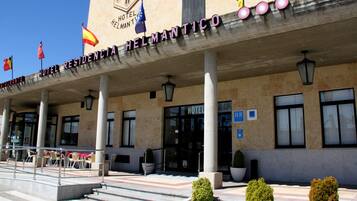Exterior del Hotel Residencia Helmantico, con entrada despejada, zona de estar al aire libre y banderas.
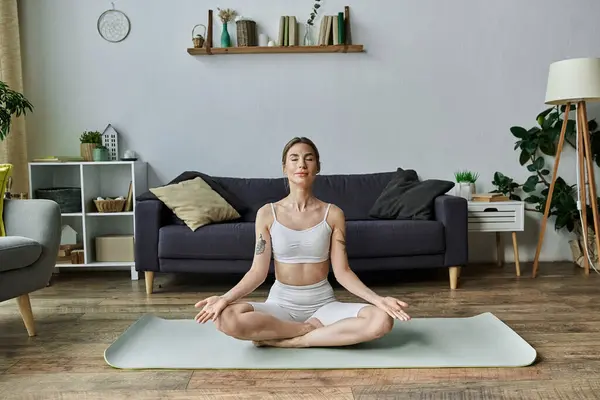 stock image A young woman with vitiligo meditates in a comfortable yoga pose while sitting on a mat in her modern living room.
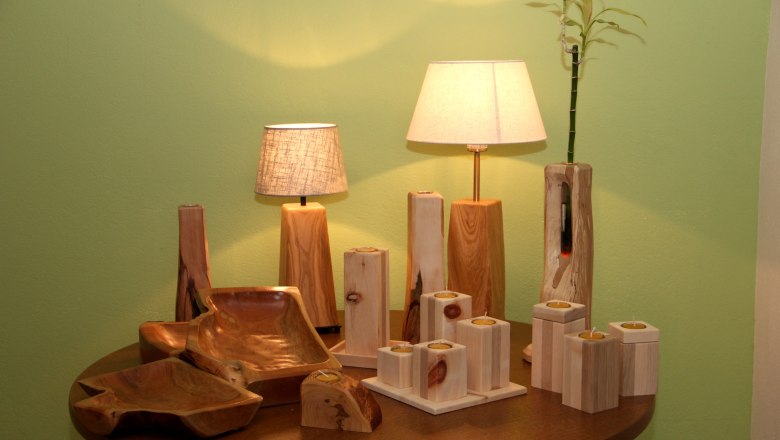 Wooden handicrafts with lamps and candlesticks on a table.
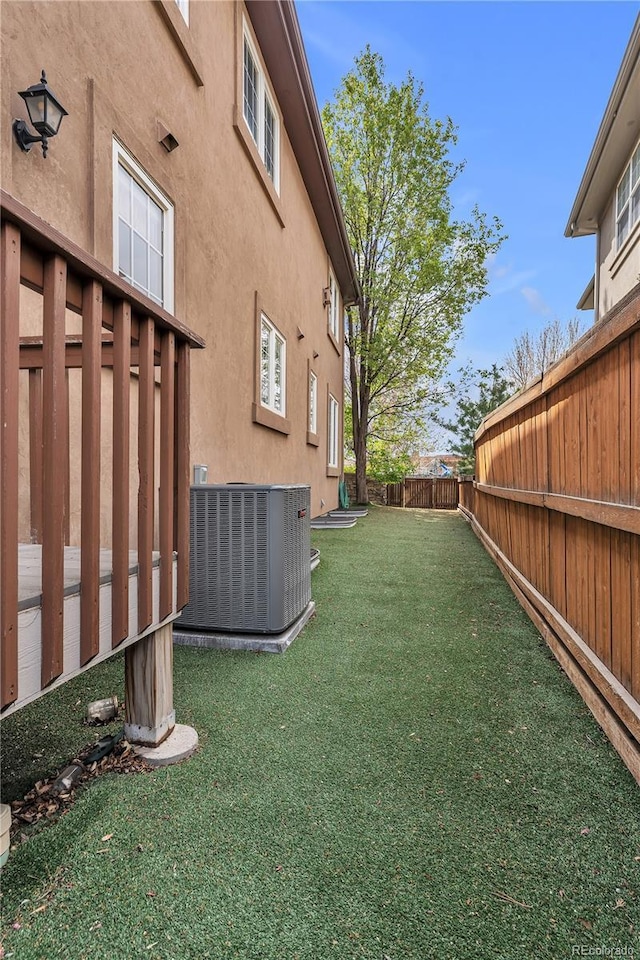 view of yard featuring a fenced backyard and central AC unit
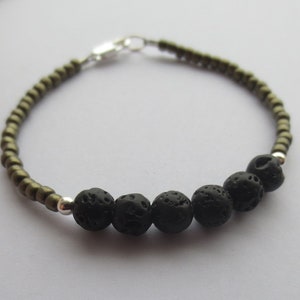 Puede incluir: Una pulsera que presenta una serie de pequeñas cuentas metálicas de color verde oliva y cinco cuentas más grandes de piedra de lava negra porosa. Las cuentas están separadas por pequeños espaciadores de metal plateado y un cierre plateado.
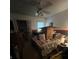 Bedroom with a ceiling fan, window, and a bed cluttered with boxes and personal belongings at 974 Bloomfield Dr, Lawrenceville, GA 30044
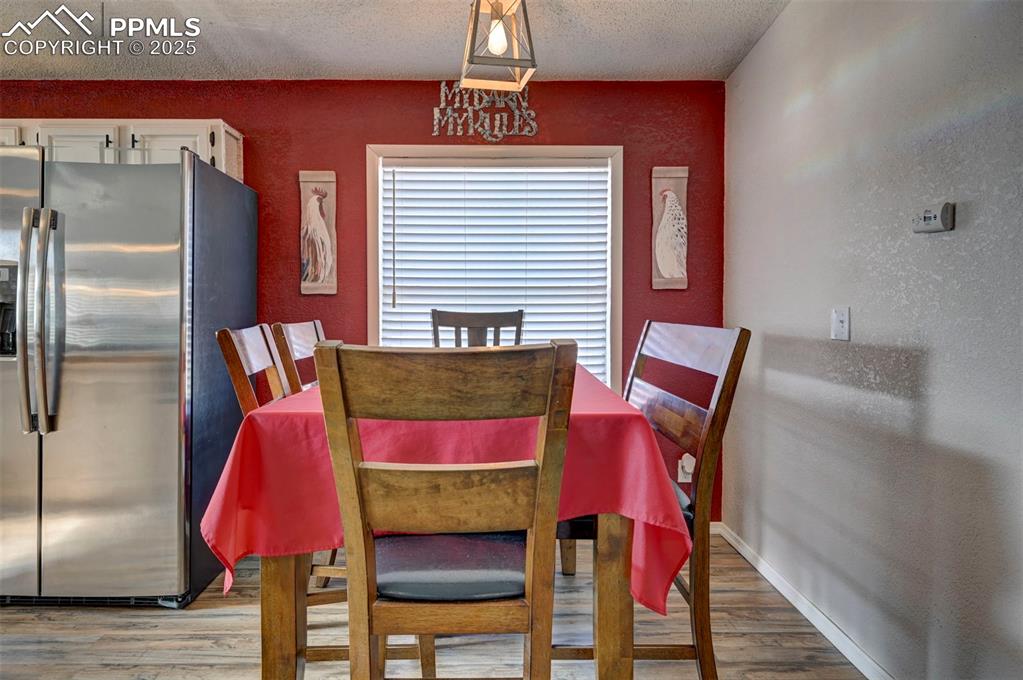 Image 13 of 31: Dining space with light wood-type flooring, a textured wall, and a textured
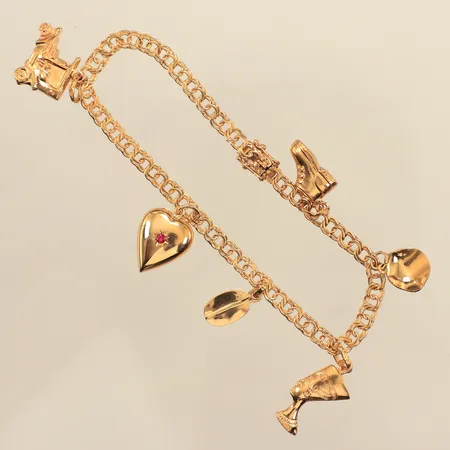 Armband Bismarck, sex berlocker, längd 19cm, bredd 3,9mm, Hildens Guldvaror, år 1963, 18K Vikt: 10,7 g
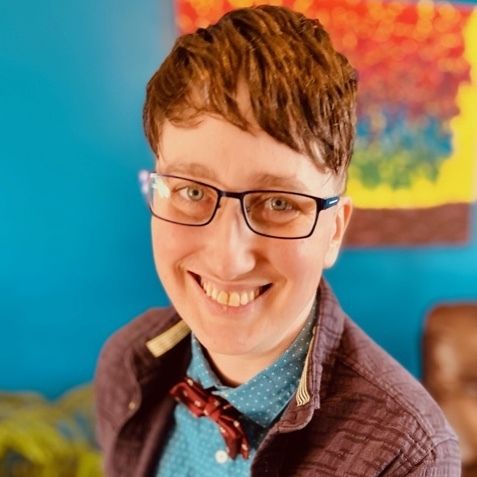 Danielle has short brown hair, light skin, and black rectangular glasses. They are wearing a brown jacket over a blue button down shirt and red polka dot bow tie, smiling at the camera in front of a colourful, out-of-focus backdrop.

##############################

The listing above should be repeated word for word, pictures removed.

Exterior del Hotel Residencia Helmantico, con entrada despejada, zona de estar al aire libre y banderas.
 stock image A young woman with vitiligo meditates in a comfortable yoga pose while sitting on a mat in her modern living room.
 Wooden handicrafts with lamps and candlesticks on a table.
 view of yard featuring a fenced backyard and central AC unit
 Puede incluir: Una pulsera que presenta una serie de pequeñas cuentas metálicas de color verde oliva y cinco cuentas más grandes de piedra de lava negra porosa. Las cuentas están separadas por pequeños espaciadores de metal plateado y un cierre plateado.
 Bedroom with a ceiling fan, window, and a bed cluttered with boxes and personal belongings at 974 Bloomfield Dr, Lawrenceville, GA 30044
 Image 13 of 31: Dining space with light wood-type flooring, a textured wall, and a textured
 Armband Bismarck, sex berlocker, längd 19cm, bredd 3,9mm, Hildens Guldvaror, år 1963, 18K Vikt: 10,7 g
 Danielle has short brown hair, light skin, and black rectangular glasses. They are wearing a brown jacket over a blue button down shirt and red polka dot bow tie, smiling at the camera in front of a colourful, out-of-focus backdrop.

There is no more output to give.